While few outside the film industry and its close followers would ever notice, the campaign to win an Academy Award takes many different forms, employs many different tactics and overall tries to convince a voting body of over 5,000 that your candidate is the right candidate, for whatever reason.
Few were able to understand that landscape and the subtle ways it could be pulled ever so slightly in a candidate's favor like Ronni Chasen, one of the most revered publicists in the tricky world of the Oscars. Last week, Chasen, 64, was fatally shot while driving through Beverly Hills.
Over the past week, the kind of outpouring of emotions about Chasen and her work have been, to say the least, staggering. From big papers like Variety and The Hollywood Reporter down to the more recognized Oscar blogs like Awards Daily, writers and commentators have not held back from their tributes, anecdotes and memorials.
The publicist behind such Best Picture campaigns as 1989's "Driving Miss Daisy" and 2008's "Slumdog Millionaire," her clients included Best Supporting Actor candidate Michael Douglas and composer Hans Zimmer.

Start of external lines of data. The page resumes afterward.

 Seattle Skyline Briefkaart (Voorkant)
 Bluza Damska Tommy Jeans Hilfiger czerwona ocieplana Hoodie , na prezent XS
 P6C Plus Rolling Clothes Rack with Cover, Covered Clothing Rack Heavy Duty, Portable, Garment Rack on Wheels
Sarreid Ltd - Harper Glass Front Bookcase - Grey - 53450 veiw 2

There is an accepted narrative of Hollywood around the three-month stretch of the Academy Awards, where the industry is regularly painted as cold, impersonal and narcissistic – devoting all its extra marketing money and energy toward convincing the "crotchety" Academy to vote for one person or another based on some sort of imagined criteria.
This kind of violent, inexplicable tragedy makes all of us step back, even those of us who may have never even heard of Ronni Chasen before reading this article. It makes us step back because it reveals for a brief moment part of the inner mechanization of the Hollywood Machine. It illuminates not only the people behind the race, but how the people win the race.

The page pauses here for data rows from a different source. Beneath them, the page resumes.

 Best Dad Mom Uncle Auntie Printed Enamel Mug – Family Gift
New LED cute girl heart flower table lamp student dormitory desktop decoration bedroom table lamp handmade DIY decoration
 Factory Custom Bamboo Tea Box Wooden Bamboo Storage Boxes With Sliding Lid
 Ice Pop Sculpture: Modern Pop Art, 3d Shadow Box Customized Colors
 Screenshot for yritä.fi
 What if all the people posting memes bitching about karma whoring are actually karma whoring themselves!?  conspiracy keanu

Most people realize that Academy Awards aren't just won by releasing movies or choosing the right release date.
They're won by successful media tours, attractive "For Your Consideration" advertisements and, above all, a good strategist.
Part of the beauty of the race is being able to follow how the race works, to see how people like Chasen tap in to the most attractive elements of any given film and pursue it from print ads to red carpets. To lose Chasen is to lose an artist, one who could help us see the beauty of a film, even if in the name of a small golden statue and the prestige that comes with it.

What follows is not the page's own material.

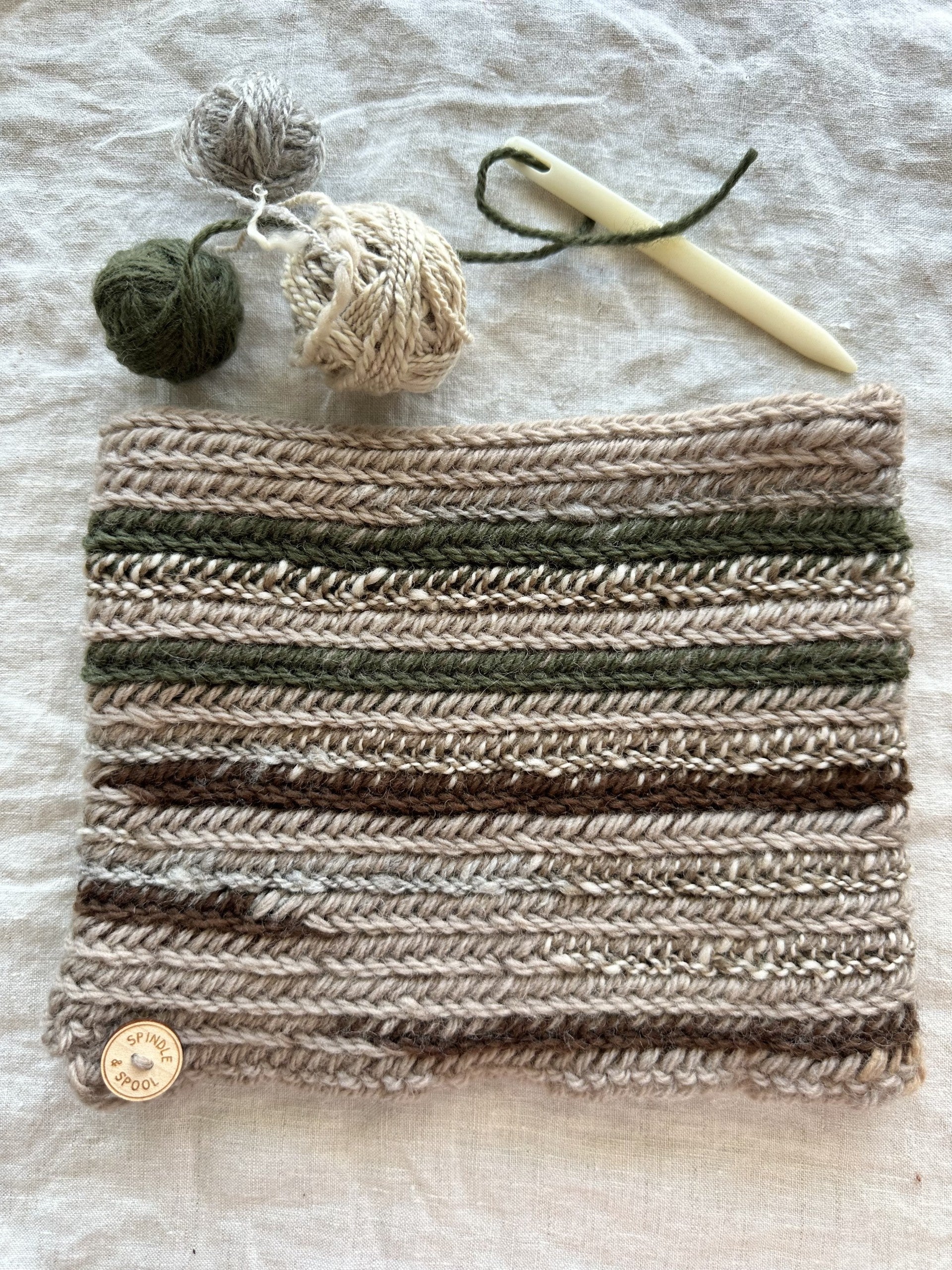 'Camo' Viking Nalbinding Wool Cowl or Neck Warmer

Watching the awards race this year, one has to wonder if the loss of Chasen will be deeply felt, or if those she taught will rise to replace her. We Oscar faithful are left not only saddened by such a violent loss of such a major personality but by the loss of a particular brand of visionary, someone who was able to set herself apart from the pack through her ability to set particular films apart from the pack.
The investigation into Chasen's murder remains ongoing, as do the outpours of support. The best people in show business live on through the mark they made, and Chasen helped define the art of the Academy Awards race. That's Entertainment.